## The problem:
The answer is the line with "2027 KENWORTH W900L in Dallas, TX" and every line after it to the end of the listing, retyped exactly. Pictures do not belong in it.

## Supplied material:
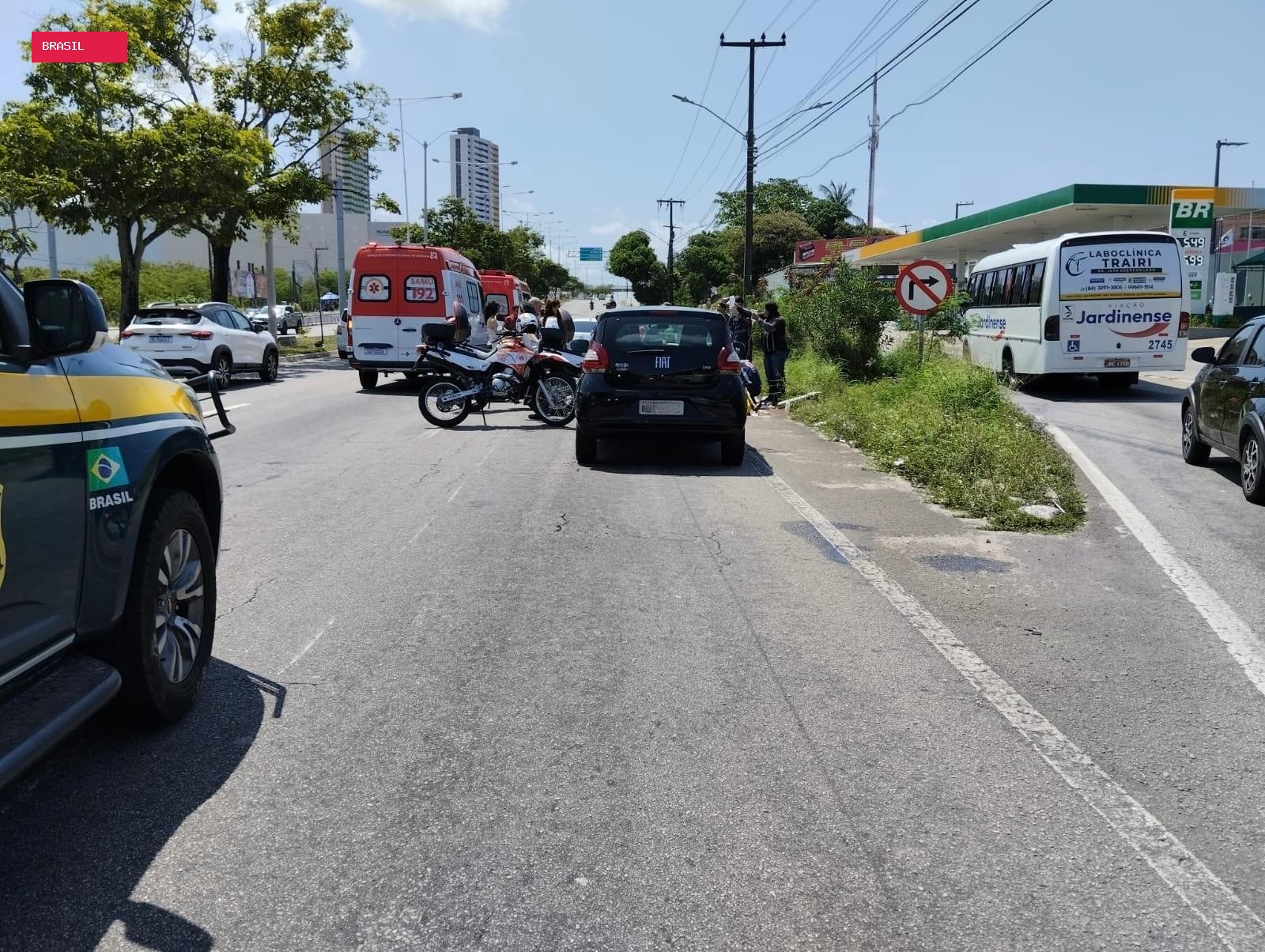 Passageira de moto morre após colisão com carro na BR-101, em Natal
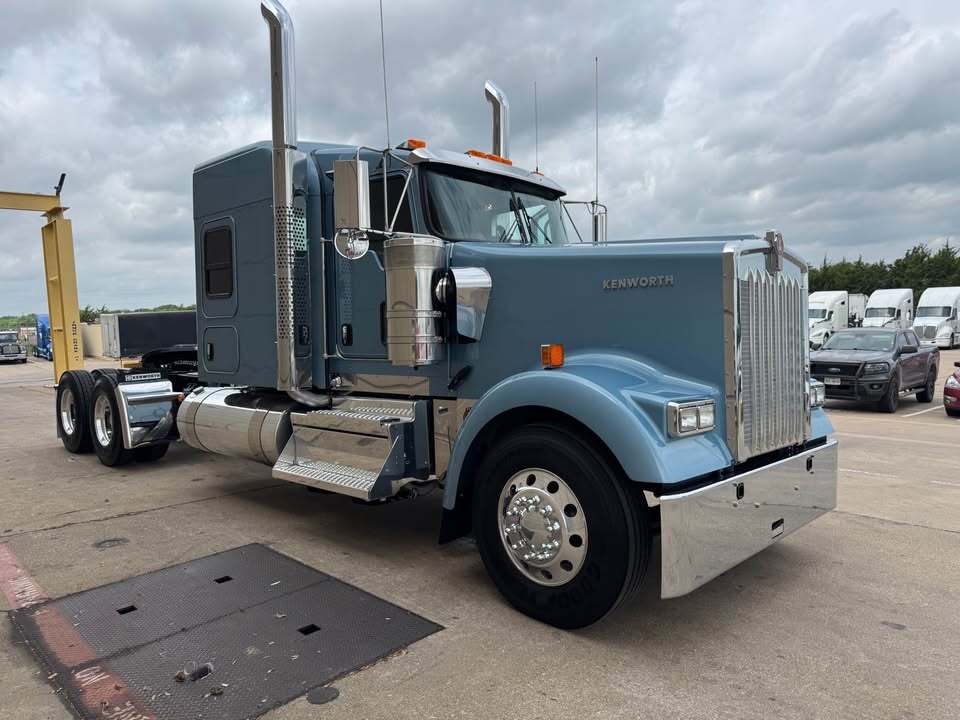 2027 KENWORTH W900L in Dallas, TX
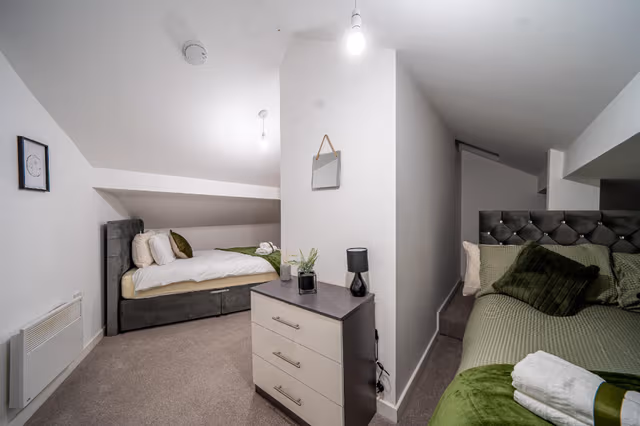 Apartment-Comfort-Private Bathroom-Street View-Close 2 Hollingworth Lake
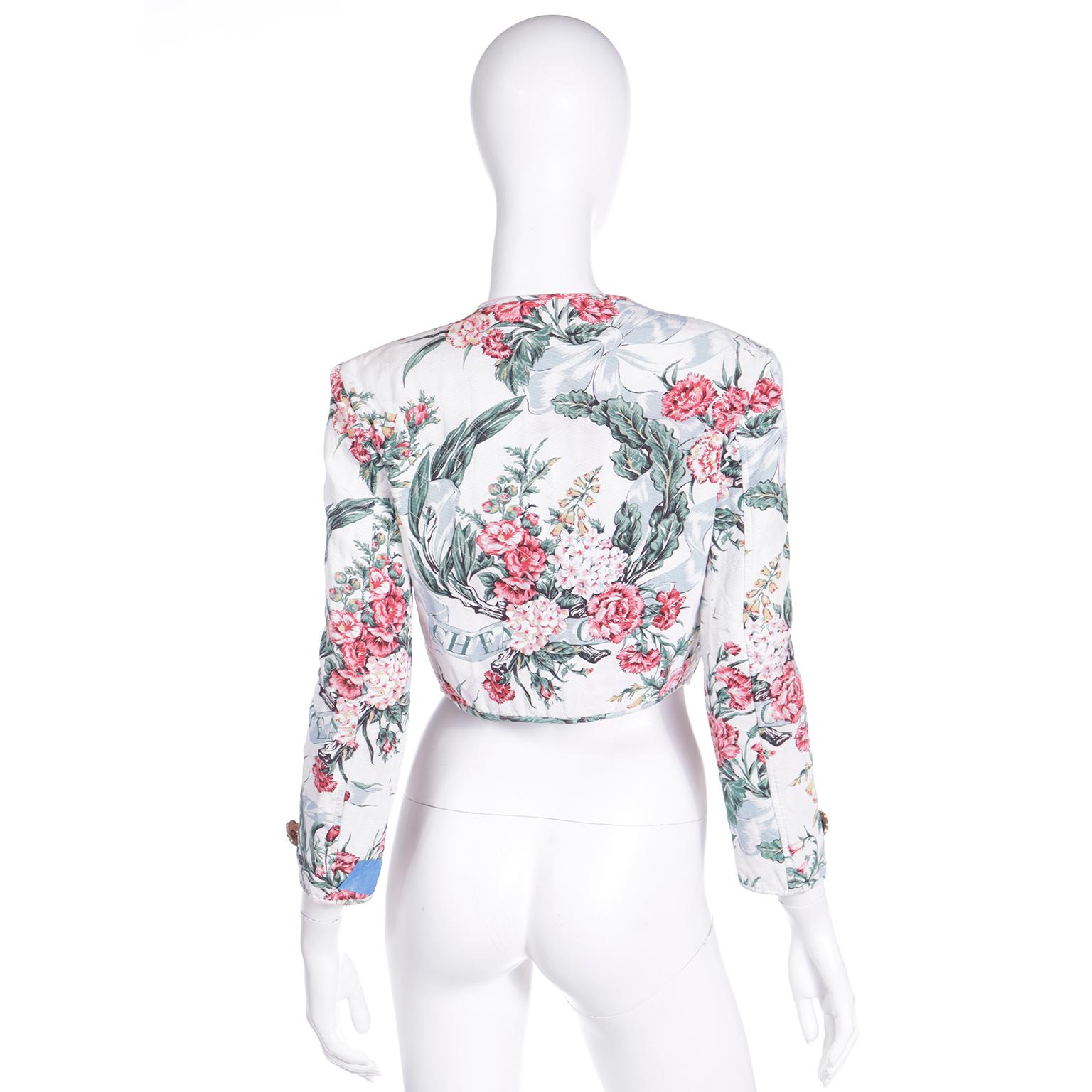Cheap and Chic by Moschino Vintage Quilted Pink & Green Floral Cropped Jacket In Excellent Condition For Sale In Portland, OR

## Solution for this problem:
 2027 KENWORTH W900L in Dallas, TX
 Apartment-Comfort-Private Bathroom-Street View-Close 2 Hollingworth Lake
Cheap and Chic by Moschino Vintage Quilted Pink & Green Floral Cropped Jacket In Excellent Condition For Sale In Portland, OR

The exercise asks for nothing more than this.